Task to carry out
Every line below from the one with "92-Texas Map By Central Texas Town Co." through the one with "DREAMGIRLS Character Breakdown" is to be repeated exactly, with no picture among them.

Input data
* * *

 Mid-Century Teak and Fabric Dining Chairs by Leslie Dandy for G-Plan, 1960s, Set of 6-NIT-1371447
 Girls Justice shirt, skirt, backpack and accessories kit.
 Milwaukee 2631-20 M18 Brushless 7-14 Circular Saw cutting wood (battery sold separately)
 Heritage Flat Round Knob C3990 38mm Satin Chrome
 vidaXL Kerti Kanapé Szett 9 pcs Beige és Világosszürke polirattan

* * *

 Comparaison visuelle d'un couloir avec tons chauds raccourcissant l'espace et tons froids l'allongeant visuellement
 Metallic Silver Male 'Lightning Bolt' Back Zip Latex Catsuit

* * *

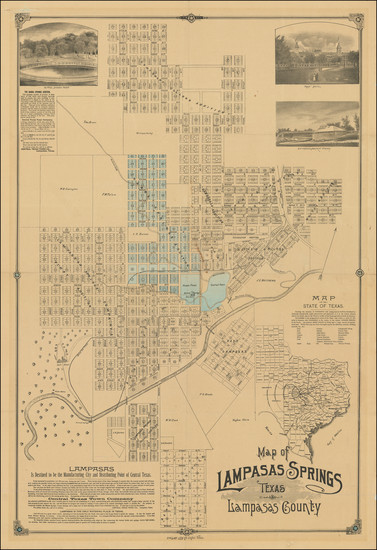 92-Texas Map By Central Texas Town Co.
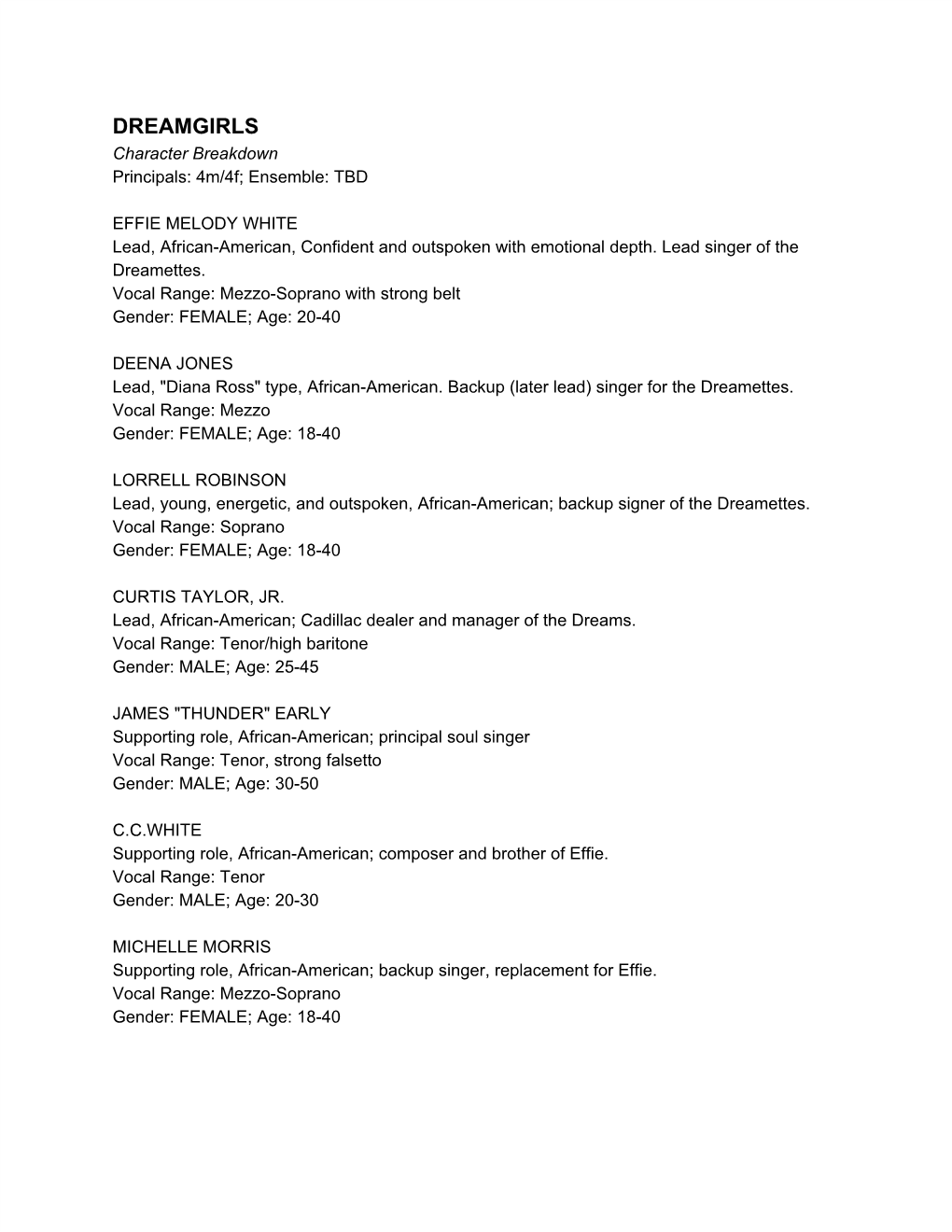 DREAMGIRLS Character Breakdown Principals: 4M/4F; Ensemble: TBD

* * *

Exercise answer
 92-Texas Map By Central Texas Town Co.
 DREAMGIRLS Character Breakdown Principals: 4M/4F; Ensemble: TBD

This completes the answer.